Normally such issues are fairly easy to resolve, but sometimes there can be key points that the two parties simply cannot agree on. For example, the buyer may have assumed that an expensive oven in the kitchen was part of the sale, but the seller wants to take it with them. The buyer then asks for a discount as the price they offered was based on the assumption that the oven was included in the sale, but the seller is not willing to renegotiate.

These kinds of issues are where a skilled conveyancer can make all the difference. Firstly, they can help avoid such situations by making sure whether or not key items are included in the sale at the earliest opportunity. Secondly, where such problems arise, they can use their negotiating skills and experience to find a solution. For example, while a seller may not be willing to make a deal over one specific issue, they may be willing to compromise elsewhere.

What happens if property checks and searches uncover a problem?

One of the most common issues during conveyancing is that the checks and searches carried out by the buyer’s solicitor uncover an issue, for example, a right of way across the property or a history of subsidence at a property.

In some cases an experienced conveyancer can find a solution to these problems, such as insuring against a risk. However some problems cannot be insured against (such as the risk of subsidence).

These kinds of problems, as well as any issues with the property uncovered during a building survey, can significantly impact the buyer’s idea of what the property is worth. Some of these issues can also be a problem for completing a mortgage on the property because a mortgage offer will be based on a particular valuation.

In these situations, the buyer generally has two options: they can simply walk away from the sale or they can try to renegotiate the price to take account of the problems uncovered. While there are no guarantees, a seller will often be willing to accept a revised offer under such circumstances to avoid the risk of the same problem happening again with a new buyer.

Again, having a skilled conveyancer is critical here as they can give you the best chance of uncovering such problems as quickly as possible and handle any renegotiation of the sale price for you, giving you the best chance of getting a fair deal.

What to do if the seller accepts a higher offer from another buyer? 

While this can be frustrating, until the contracts of sale are exchanged, the deal is not legally binding on either party. This means the seller is perfectly within their rights to accept a higher offer from another buyer.

If this happens, you can choose to match the new buyer’s offer or you could attempt to negotiate a price somewhere between your original offer and the new offer. Depending on how far down the conveyancing process you are, the seller may be willing to accept a slightly lower offer from you than from the new seller as you can likely achieve completion faster because the conveyancing process is already under way.

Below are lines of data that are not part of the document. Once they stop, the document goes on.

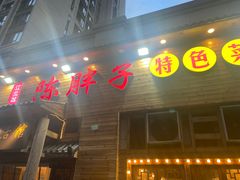 -陈胖子特色菜.鲜货现炒(融景城店)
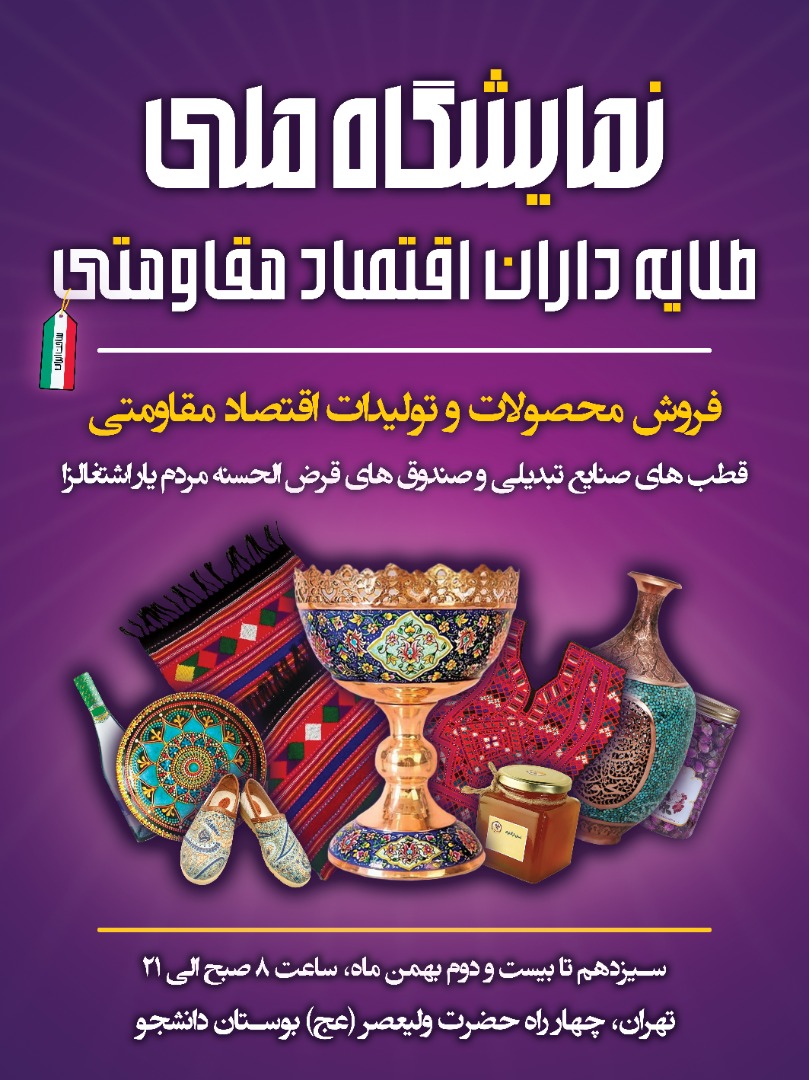 اهداف نمایشگاه ملی طلایه‌داران اقتصاد مقاومتی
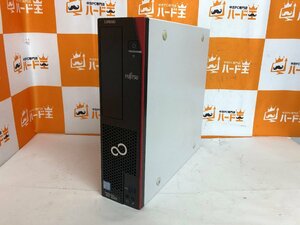 【ハード王】1円～/デスク/富士通 ESPRIMO D558/B FMVD44001/Corei3-9100/4GB/ストレージ無/11885-J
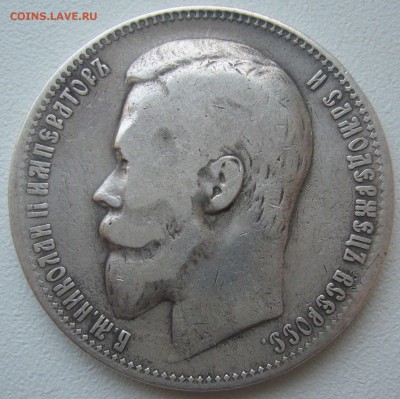1 рубль 1899 ФЗ до 09.04 - P1200495.JPG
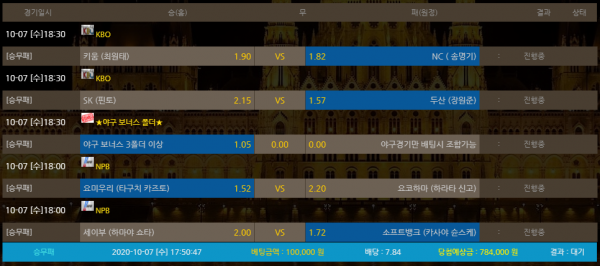 c26466614b1d02448efb35601fe8602a_1602060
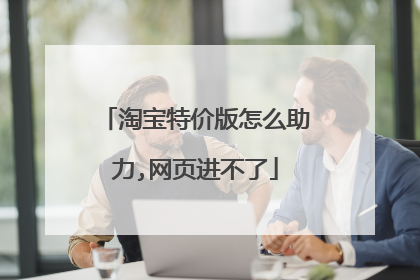 淘宝特价版怎么助力,网页进不了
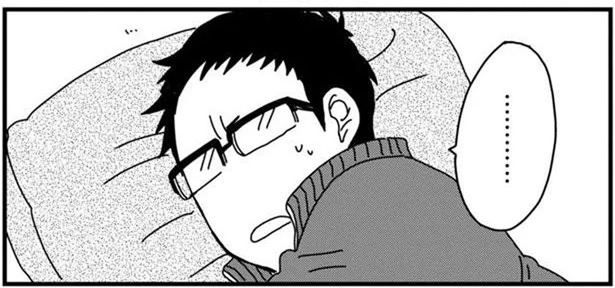 何がどうしてこうなった？昼寝から目覚めた飼い主が感じた異変 (C)らくだ／KADOKAWA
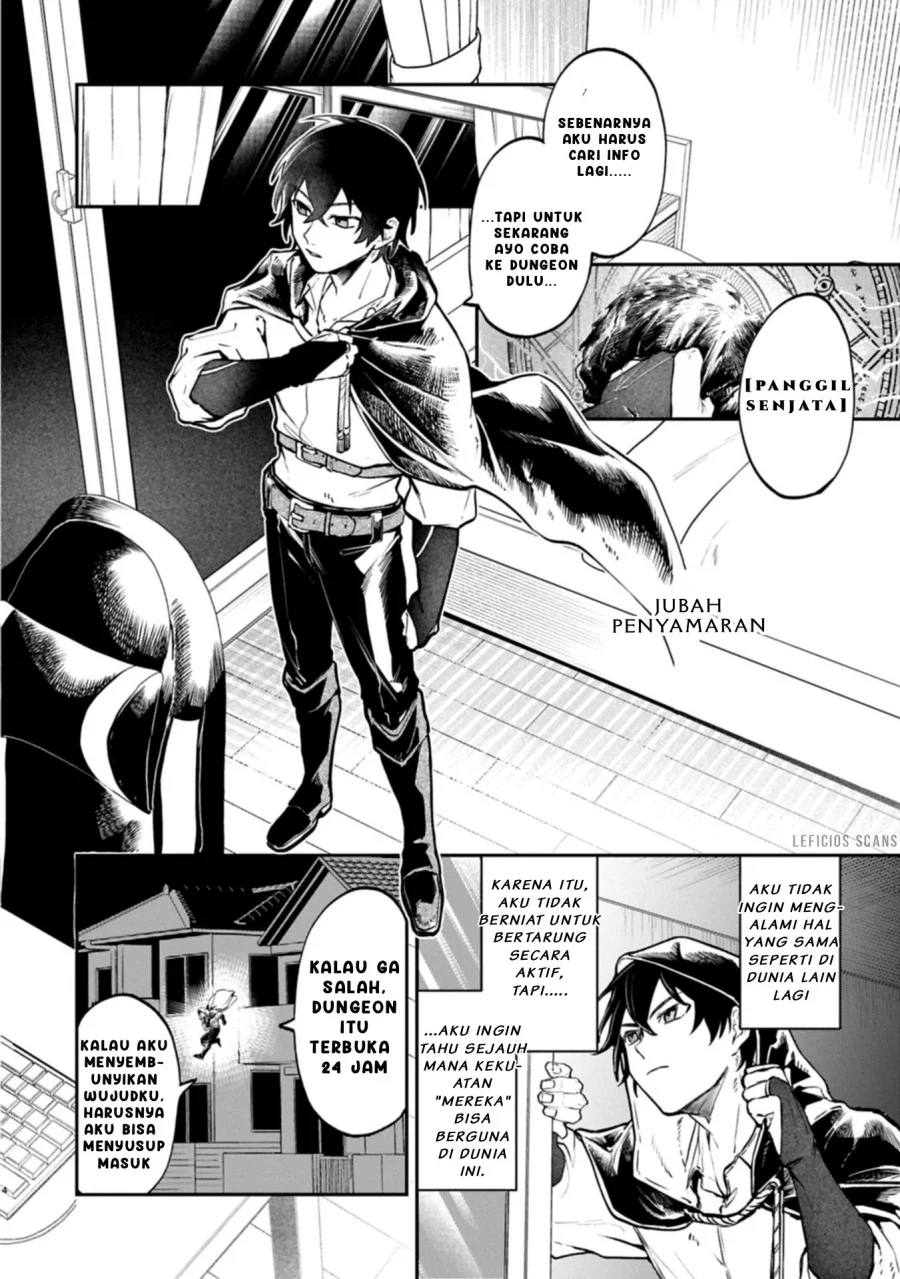 Isekai Summoner, Shinwa no Kaibutsu-tachi to Gendai de Musou suru: Uragirareta Moto Eiyuu wa, Aikasaname na Nakama to Heiwa ni Kurashitai Chapter 2.1 - halaman 4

What can you do if the seller makes changes to the property after the sale is agreed?

Once contracts have been exchanged, both parties are bound by the details included in those contracts. However, if there is any ambiguity in the contracts of sale, this can sometimes lead to disappointment if the buyer finds that the seller has removed items they assumed were included in the sale.

A common example here might be if the contracts of sale do not specify anything about the contents of the garden. The buyer might assume that everything in the garden is being left behind, but the seller would likely be within their rights to remove items from the garden, including plants, furniture, sheds, summer houses etc.

Once contracts have been exchanged, it is usually too late to do anything about this, so it is important that you make sure anything you consider integral to the deal is covered in the contracts of sale while they are still open for negotiation.